Vengeance of Fu Manchu (1967): Directed by Jeremy Summers and co-produced with Hong Kong’s Shaw studios, purveyors of fine kung fu flicks. Starts off with a cheery mass execution at Fu HQ, conveniently located somewhere near the Great Wall of China. Nayland Smith, played by the appropriately wooden Douglas Wilmer, gets swapped for a double created by Fu’s kidnapped plastic surgeon, and the replacement is no fun at all. Meanwhile Fu is holed up at HQ doing vaguely evil stuff. And there’s a German mercenary in the mix. Gratuitous and endless nightclub singing. Minor kung fu. No nekkidity. Best line: “Hey, what are you doing here?” Featuring The Many Gongs of Fu Manchu, The Humongous Bell of Fu Manchu, and The Awkward Silences of Fu Manchu. By far the weakest entry in this series.

Blood of Fu Manchu (1968): Prolific hack Jess Franco takes the helm for the fourth installment. This time around, Fu’s needlessly elaborate plan is to destroy his enemies by getting little deadly snakes to bite a bunch of attractive young women.

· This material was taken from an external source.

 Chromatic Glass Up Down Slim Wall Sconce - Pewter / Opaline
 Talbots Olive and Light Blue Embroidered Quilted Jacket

Then they (the women, not the snakes) go and kiss the enemy on the lips. The enemy immediately goes blind and suffers a protracted, unpleasant death, unless someone gets an antidote in time. Why the girls don’t die when the snakes bite them can be chalked up to Fu’s evil genius. Or, since this is a Jess Franco film, to sheer incompetence. Gratuitous snakes. Gratuitous gongs. Ninjas. Fat bandit chief. Stupid people in the jungle. Harrumphing, British-style. Half-hearted orgy, which almost had some nekkidity but some spoilsport intervened at the critical juncture. Suggested alternative title: The Almost Complete Lack of the Blood of Fu Manchu.

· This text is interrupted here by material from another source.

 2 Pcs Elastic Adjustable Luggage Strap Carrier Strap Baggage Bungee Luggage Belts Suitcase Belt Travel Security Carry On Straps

Castle of Fu Manchu (1969): The last in the series and with Franco directing again, the flick is long on silliness and short on coherence. We’re talking fiendish plotting in boats on the Bosphorus. Extended sequence of henchmen trotting around bearing clearly empty coffins on their shoulders. The most unobservant palace guards in cinema history. Gratuitous fat guy in nightshirt. Gratuitous fezzes. The Brightly Colored Liquids Boiling in Flasks of Fu Manchu. No nekkidity. Classic ending: “The world shall hear from me again.” Except it hasn’t. Alas.

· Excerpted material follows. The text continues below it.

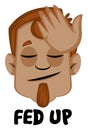 Human emoji feeling fed up, illustration, vector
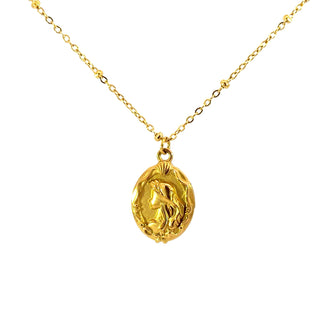 Gargantilla con dije de medalla dorada SN0805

There are two Fu films made with Warner Oland in the title role, one with Boris Karloff, and a TV series with Glen Gordon. They are all interesting in their ways but Fu fans should check out the 1940 Republic Pictures “Drums of Fu Manchu” serial, available in a two-disc DVD set. With Henry Brandon as Fu. Made by the same people who did “Captain Marvel,” with the same sets, graphics, music and extras. Each chapter is about 18 minutes long (except the first, which is 29 minutes) and has a cliffhanger ending. After the U.S. entered World War II and China was an ally, the Chinese government politely asked the State Department if they could put the arm on Republic to cheese it with the Yellow Peril stuff, and that was it for Fu Manchu on the big screen until 1965.
Despite the obvious flaws in the individual movies, as a whole the series rates a hearty three coils with the automatic on coil dedication for no nekkidity.